Chip makers pinched as consumers move toward cheaper CPUs
By Matthew Fordahl
SAN JOSE, Calif. -- When Jeanette Bosio was shopping for a computer, she wasn't looking for the fastest processor, richest sound or fanciest graphics. She wanted the best price.
The $1,100 Compaq Presario 700 notebook she bought this year is good enough for her needs. It plays music, shows movies and can connect to the Internet, a requirement of her two school-age daughters.
"If it were for my business, I would have spent more," said Bosio, who owns a construction company. "For my personal use, I don't need that much. I'm a single mom, so money was an issue there."
Bosio isn't alone. The ranks of value-minded shoppers appear to be swelling, at least according to the latest financial data reported by the makers of microprocessors, the brains of PCs.
Both Intel Corp. and Advanced Micro Devices Inc. reported selling far fewer high-end processors in the second quarter than they had hoped for. Whether this is an anomaly or the start of something bigger is the subject of considerable debate.
An obvious explanation is the economic downturn and tighter budgets for both consumers and businesses.
Computer makers may have misjudged demand overall. Another possibility is that consumers see no real need to buy more performance when slower, less expensive machines handle most jobs well enough.
"The folks who are using these machines for office productivity, e-mail, surfing the Web over a dial-up modem, decided in many cases that the lower speed machines are more than adequate for their needs," said Nathan Brookwood, an analyst at the research firm Insight 64.
Despite chip makers' spending on TV, radio and print ads that feature the latest benchmark tests, space aliens or even dancing clean-room workers in bunny suits, Bosio said she paid little attention to processors in her hunt.
Instead, she consulted with friends and looked for a machine that could handle her needs. She ended up buying her Compaq laptop at the Costco store in Salinas, 60 miles south of San Jose.

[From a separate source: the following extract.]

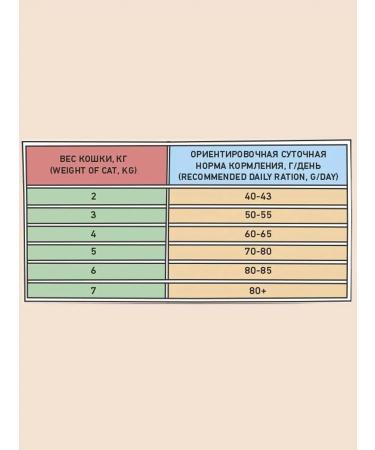 Zillii Feed for sterilized cats dry hypoallergenic 2 kg - Buy Online on GoSupps.com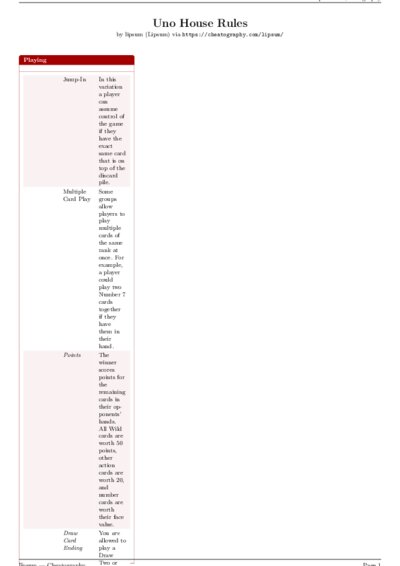 LaTeX (Compiled PDF)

Bosio's machine runs on a Duron processor, AMD's value line introduced in 2000 in part to compete with Intel's Celeron brand, which debuted in 1998.
The companies created the inexpensive lines as a way to separate their value and high-end offerings. Now, however, high-end Pentiums and Athlons are finding their way into inexpensive systems as the companies continue to lower prices as they introduce faster models.
That can pinch the bottom line, because chip makers generate more cash and profit from high-end processors than lower-end models.
AMD was hit the hardest. In the second quarter, it twice scaled back its revenue forecasts, blaming both weak demand and a shift in the mix.
AMD eventually posted sales of $600 million, down from original estimates of $820 million to $900 million. It posted a loss of $185 million.
Intel's story is murkier. The world's largest chip maker said its product mix shifted during the quarter to lower-end Celeron chips.
A full 35 percent of the desktop processors Intel shipped in the second quarter were for value systems -- up from 30 percent in the first quarter and "a pretty big shift," according to Eric Ross, an analyst at Investec Inc.
That was a "blip" that will have no impact on Intel's bottom line over the long run, says Louis Burns, general manager of Intel's Desktop Platform Group, acknowledging that a large move toward less-expensive chips "would be a big concern."
Then again, second-quarter numbers might have been skewed not by a shift in customer demand but by the fact many computer makers had expected sales to show more improvement.
"There were a lot of manufacturing-oriented decisions rather than consumers going out in droves and buying the cheapest PC they can buy," McCarron said. "They weren't buying anything."